[Dataset records]
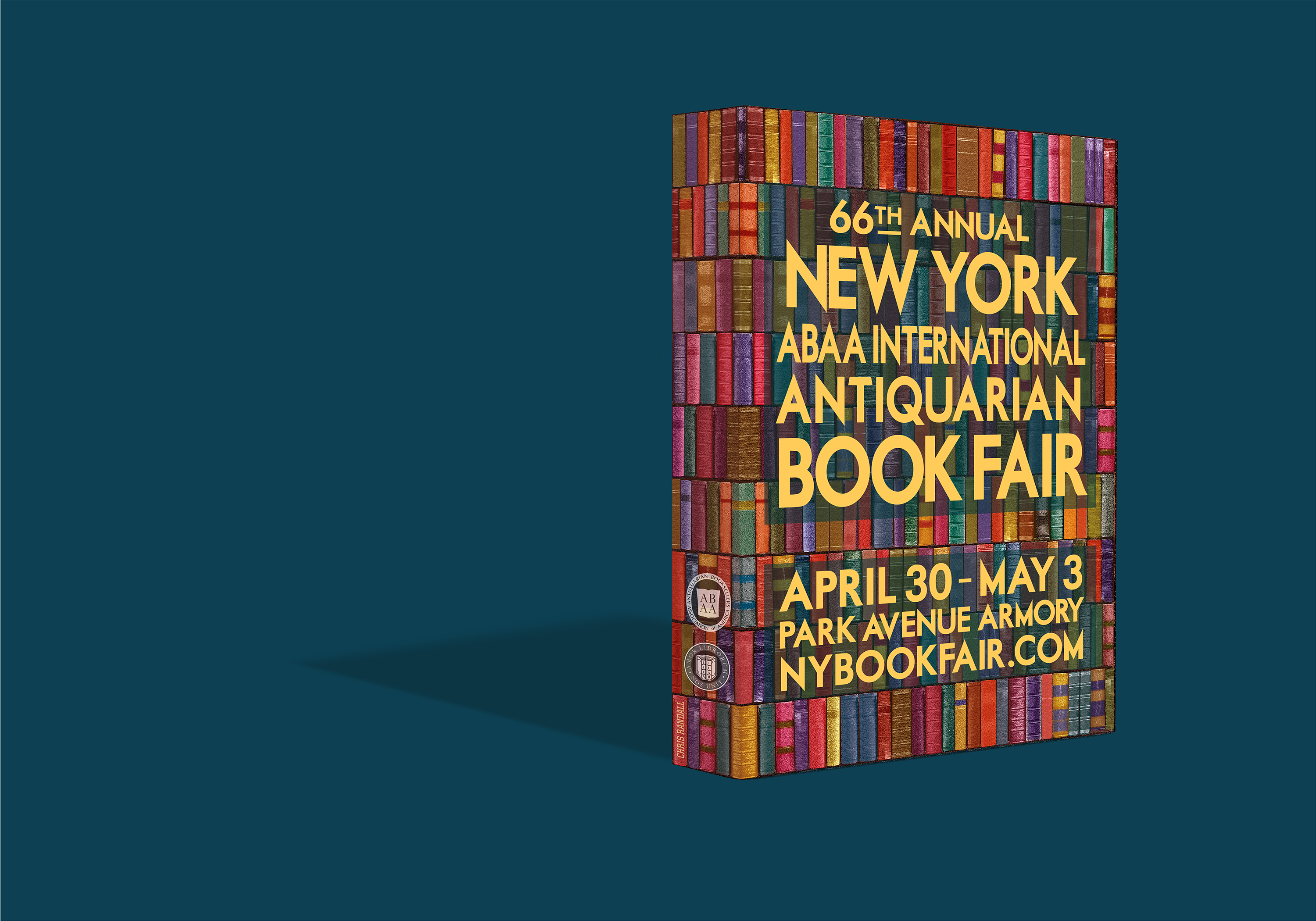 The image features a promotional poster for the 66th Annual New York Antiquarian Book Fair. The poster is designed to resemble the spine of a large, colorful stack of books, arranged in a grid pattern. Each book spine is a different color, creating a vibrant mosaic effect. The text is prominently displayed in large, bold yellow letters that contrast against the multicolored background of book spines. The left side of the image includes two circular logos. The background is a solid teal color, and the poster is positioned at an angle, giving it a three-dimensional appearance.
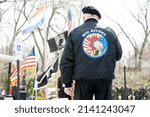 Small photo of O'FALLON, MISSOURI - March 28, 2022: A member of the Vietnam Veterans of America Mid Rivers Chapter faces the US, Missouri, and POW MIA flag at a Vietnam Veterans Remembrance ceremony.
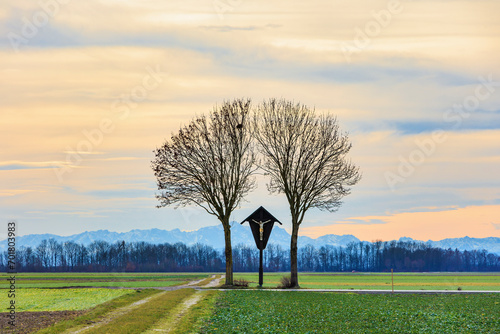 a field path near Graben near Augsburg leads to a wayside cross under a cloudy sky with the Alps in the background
[/Dataset records]
[Dataset records]
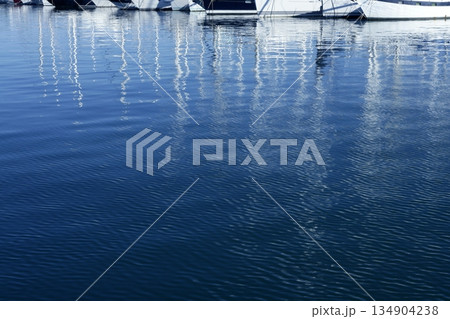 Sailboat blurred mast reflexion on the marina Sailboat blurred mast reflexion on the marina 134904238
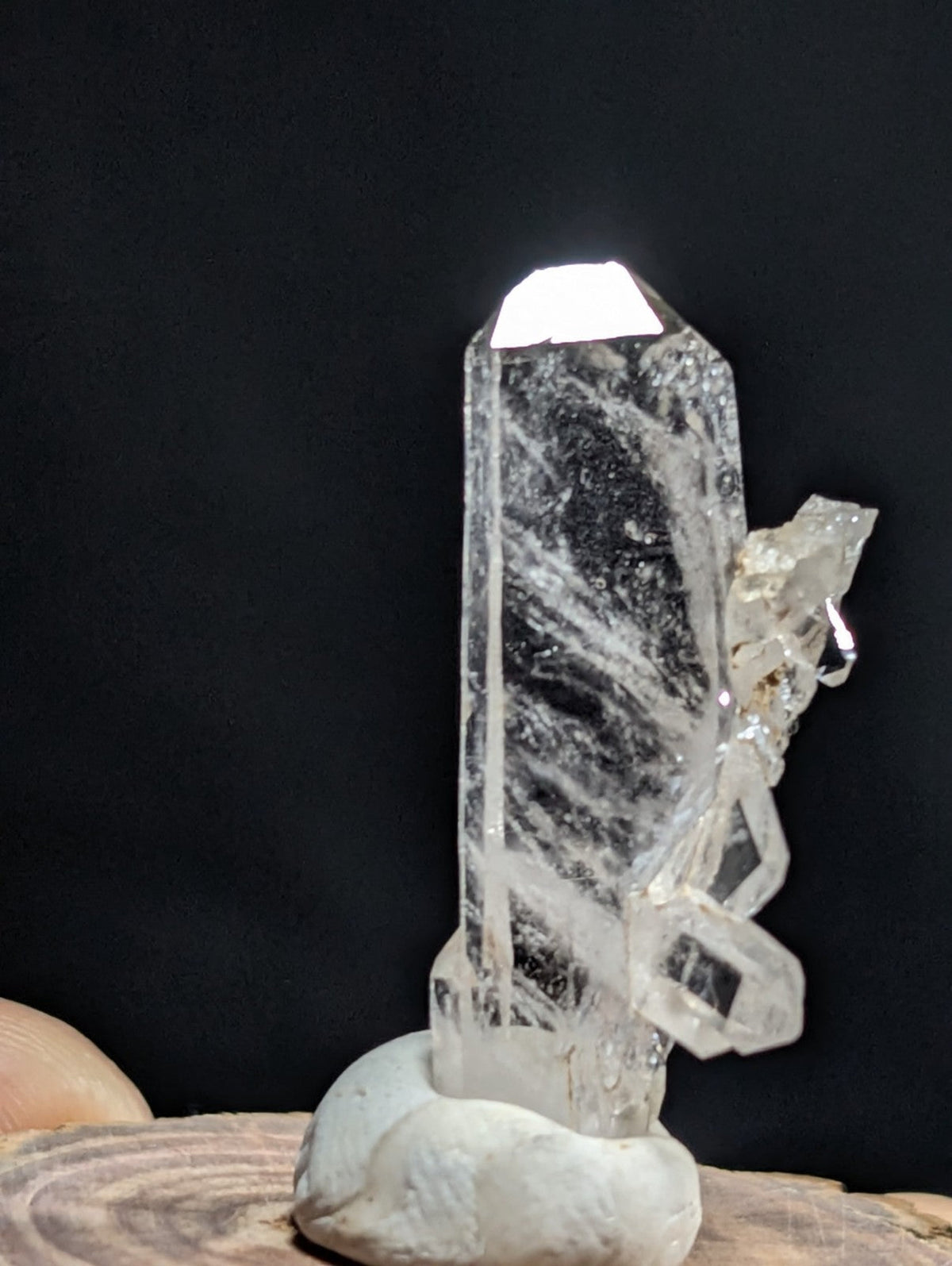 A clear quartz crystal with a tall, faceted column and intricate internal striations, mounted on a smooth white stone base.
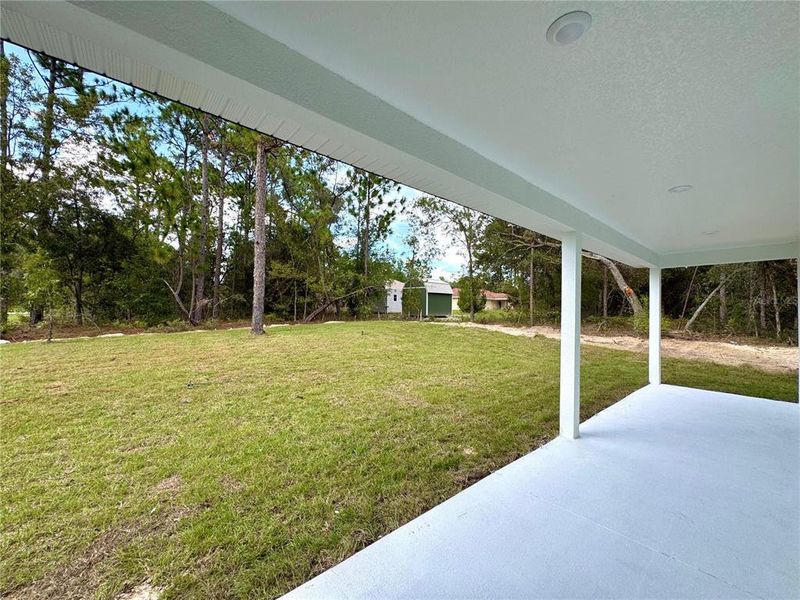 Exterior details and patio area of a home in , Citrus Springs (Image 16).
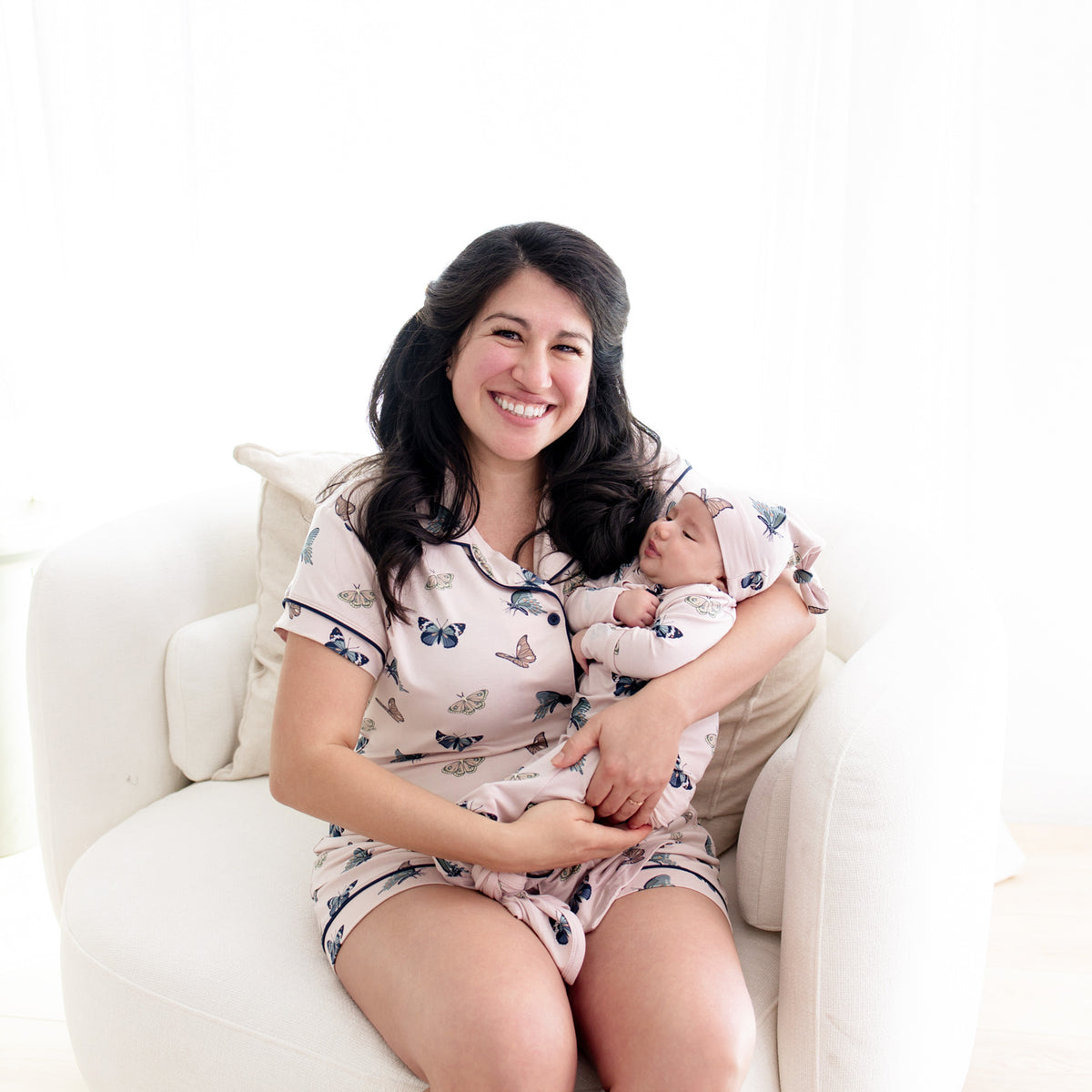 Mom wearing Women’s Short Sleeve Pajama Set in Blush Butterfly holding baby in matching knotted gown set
[/Dataset records]
Exercise description:
Everything between and including the line above containing "Exterior details and" and the line containing "Mom wearing Women’s" should be reproduced exactly, with pictures excluded.

Written response:
 Exterior details and patio area of a home in , Citrus Springs (Image 16).
 Mom wearing Women’s Short Sleeve Pajama Set in Blush Butterfly holding baby in matching knotted gown set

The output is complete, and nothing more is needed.